Not once in Steve Kerr’s first eight seasons as coach have the Warriors played an 82-game schedule and failed to top 50 wins. This season will be an exception, and the reasons are many.
Most of them were on full and inglorious display Sunday in Chicago. Though the box-score autopsy could cite Nikola Vucevic’s 43 points as the primary cause of their demise, contributing factors ultimately were more responsible for a 131-118 loss at United Center.
First among those factors was Golden State’s 23 turnovers, which the Bulls – playing without leading scorer DeMar DeRozan – turned into 31 points.
“Almost impossible to win a game doing that,” Kerr told reporters in Chicago.
Nothing about this season has caused more exasperation among the Warriors than their tendency to sabotage their best efforts with donations to the other team. They’re 1-9 in games when opponents score more than 25 points off turnovers – a stinging indictment of damaging live-ball giveaways.
Golden State is, by contrast, 20-12 when it limits opponents to 24 or fewer points off turnovers.
“We just haven’t proven that we’re a consistent team,” said Stephen Curry, who committed a season-high eight turnovers in 34 minutes. “We come in with focus of how we’re going to win that specific game. We talk about how a lot of this is about us and how we approach the game.”
Golden State Warriors
Turnovers are not an entirely new issue for the Warriors, but this team is not nearly as resilient – or as talented – as those in the championship seasons under Kerr. There is no prime Kevin Durant, no prime Andre Iguodala, no Andrew Bogut or Shaun Livingston or David West.
These Warriors are younger and with an uneven roster are, with a 21-22 record, the embodiment of mediocrity. The margin of error for such teams is razor-thin, sharp enough to easily slash the air from a season.
“We have enough talent that we can come back and make the game interesting, and take the lead going into halftime,” Curry said. “But we just haven’t proven that we’re intelligent enough or play hard enough, that we’re focused enough to string a couple good games together to help build that momentum.
“Until we do, we’re going to hover around .500 and not break away from the pack.”
The Warriors, in another of their maddening tendencies, fell behind by 17 in the first quarter but recovered nicely to take a 3-point halftime lead. They then committed seven turnovers in the third quarter, equaling their first-quarter total, and fell behind for good when the Bulls opened the fourth quarter with a 16-7 burst.
With Vucevic lumbering his way to an offensive feast, his teammates simply took advantage of opportunities offered by a lenient Warriors offense.
As if it weren’t distressing enough that this was Golden State’s fourth loss in five games, it’s downright alarming that all four of the losses were to sub-.500 teams.
“We’ve got some figuring out to do,” said Draymond Green, who contributed six turnovers. “It’s not like we’re just going to click a button and it’s going to work.

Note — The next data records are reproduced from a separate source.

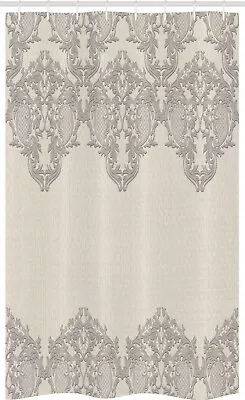 Taupe Stall Shower Curtain Retro Delicate Lace Like • £17.99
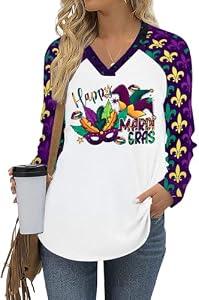 Mardi Gras Shirts for Women: Fat Tuesday Shirt Funny Mask Graphic Tee Carnival Long Sleeve Shirt New Orleans Party V Neck Top White 2XL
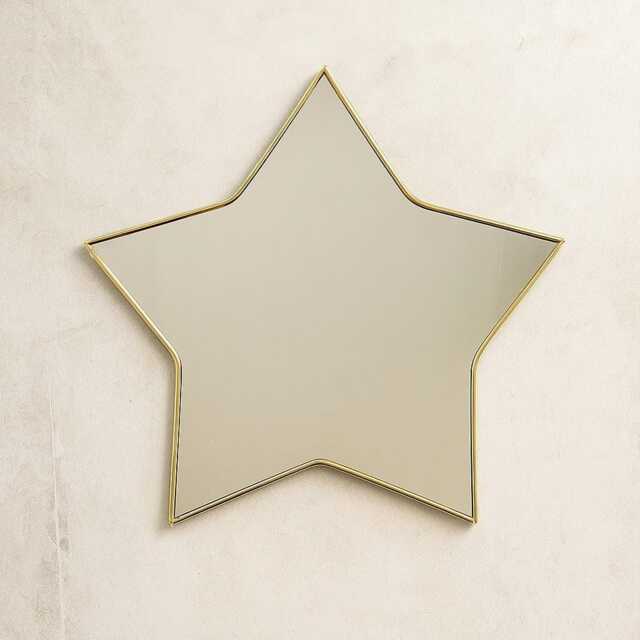 Handmade Moroccan Brass Star Mirror - Boho Wall Decor, Artisan Metal Mirror, Home Decoration - image 1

There’s a lot of things that need to be figured out. Do I have the confidence we can win? Yes. But a lot of things got to be figured out.”
Green and Curry have won enough and seen enough to recognize the path the team has been on will lead to a wholly unsatisfying championship defense. Now 43 games into the season, the Warriors have been as low as four games under .500 but never higher than two over.

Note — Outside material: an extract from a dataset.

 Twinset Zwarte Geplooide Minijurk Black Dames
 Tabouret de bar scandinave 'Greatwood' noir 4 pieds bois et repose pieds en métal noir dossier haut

“Last year, we started 18-2 and then we had some rough patches,” Curry said. “But at least we had a segment of the season where we could say we figured it out. We might have had a game or two (this season), but we’ve not had a stretch where, consistently, we could say we’ve figured it out.
“Sense of urgency right now.”
Slapped around too often by teams going nowhere, the Warriors are a proud bunch trying to find their balance. To reach 50 wins, they need to go 29-10 over the final 39 games.
That will take some magic, which has been in pitifully short supply.